Ravindra Nayak, Raviraj Joshi


Abstract
Code-switching occurs when more than one language is mixed in a given sentence or a conversation. This phenomenon is more prominent on social media platforms and its adoption is increasing over time. Therefore code-mixed NLP has been extensively studied in the literature. As pre-trained transformer-based architectures are gaining popularity, we observe that real code-mixing data are scarce to pre-train large language models. We present L3Cube-HingCorpus, the first large-scale real Hindi-English code mixed data in a Roman script. It consists of 52.93M sentences and 1.04B tokens, scraped from Twitter. We further present HingBERT, HingMBERT, HingRoBERTa, and HingGPT. The BERT models have been pre-trained on codemixed HingCorpus using masked language modelling objectives. We show the effectiveness of these BERT models on the subsequent downstream tasks like code-mixed sentiment analysis, POS tagging, NER, and LID from the GLUECoS benchmark.
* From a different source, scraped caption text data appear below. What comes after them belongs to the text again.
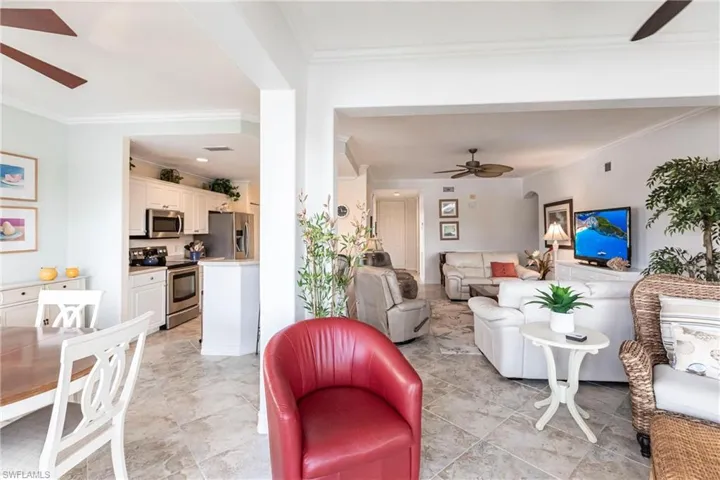 Living room adjacent to open kitchen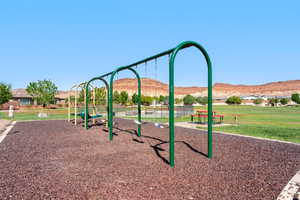 Communal playground featuring a mountain view and a lawn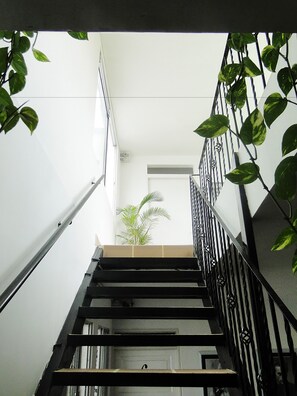 A staircase with a metal railing, a potted plant, and a white door at the bottom. - ARCO Apartasuites (Cali)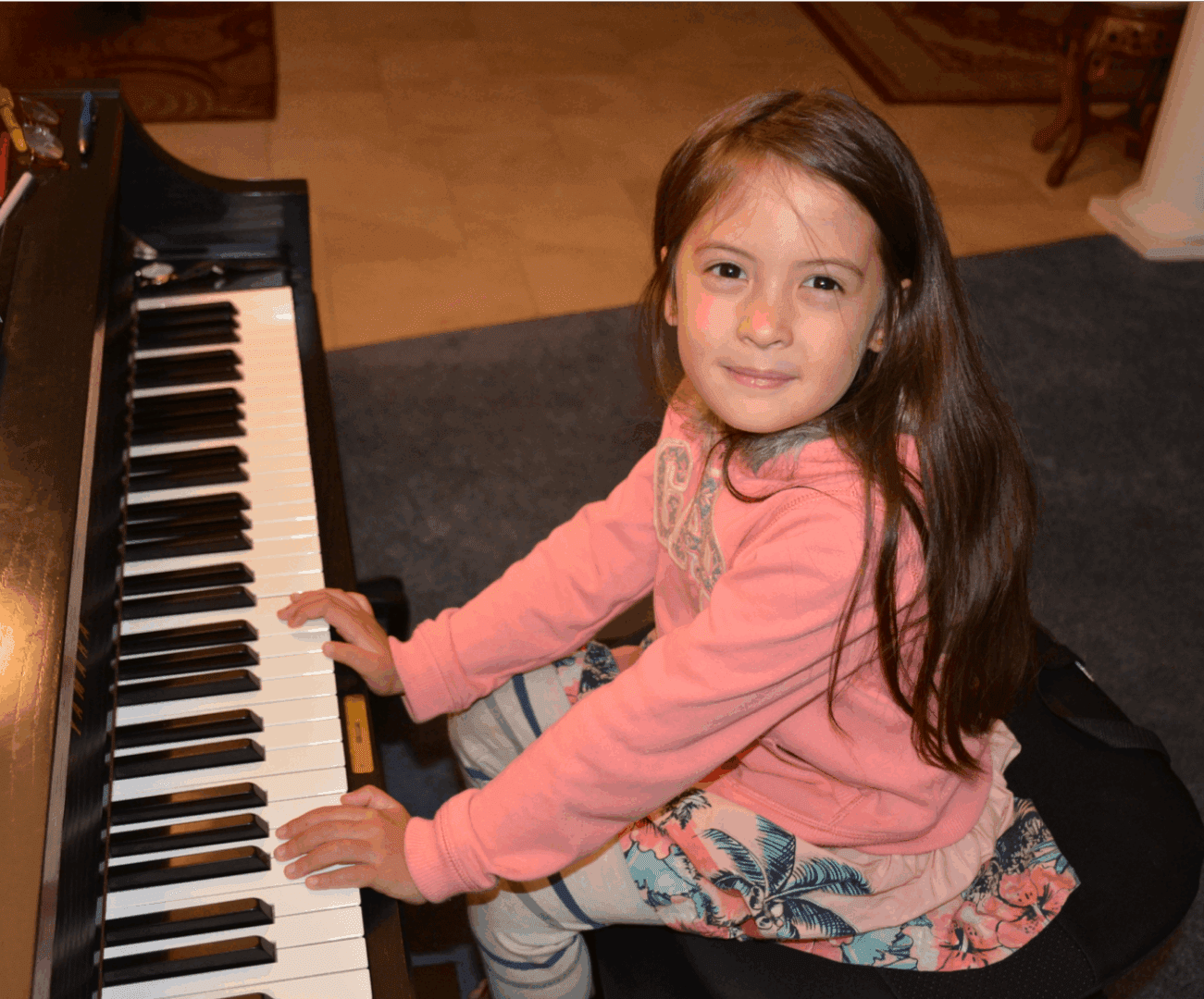 Young girl playing piano with a smile.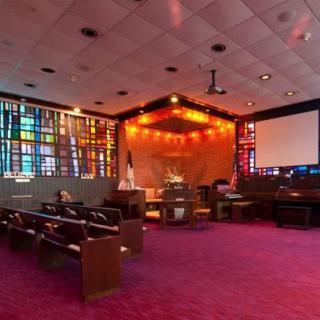 A church interior with stained glass windows, rows of pews, and vibrant lighting.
The HingGPT is a GPT2 based generative transformer model capable of generating full tweets. Our models show significant improvements over currently available models pre-trained on multiple languages and synthetic code-mixed datasets. We also release L3Cube-HingLID Corpus, the largest code-mixed Hindi-English language identification(LID) dataset and HingBERT-LID, a production-quality LID model to facilitate capturing of more code-mixed data using the process outlined in this work. The dataset and models are available at https://github.com/l3cube-pune/code-mixed-nlp.
Anthology ID:
2022.wildre-1.2
Volume:
Proceedings of the WILDRE-6 Workshop within the 13th Language Resources and Evaluation Conference
Month:
June
Year:
2022
Address:
Marseille, France
Editors:
Girish Nath Jha, Sobha L., Kalika Bali, Atul Kr. Ojha
Venue:
WILDRE
SIG:
Publisher:
European Language Resources Association
Note:
Pages:
7–12
Language:
URL:
https://aclanthology.org/2022.wildre-1.2
DOI:
Bibkey:
Cite (ACL):
Ravindra Nayak and Raviraj Joshi. 2022. L3Cube-HingCorpus and HingBERT: A Code Mixed Hindi-English Dataset and BERT Language Models. In Proceedings of the WILDRE-6 Workshop within the 13th Language Resources and Evaluation Conference, pages 7–12, Marseille, France. European Language Resources Association.
Cite (Informal):
L3Cube-HingCorpus and HingBERT: A Code Mixed Hindi-English Dataset and BERT Language Models (Nayak & Joshi, WILDRE 2022)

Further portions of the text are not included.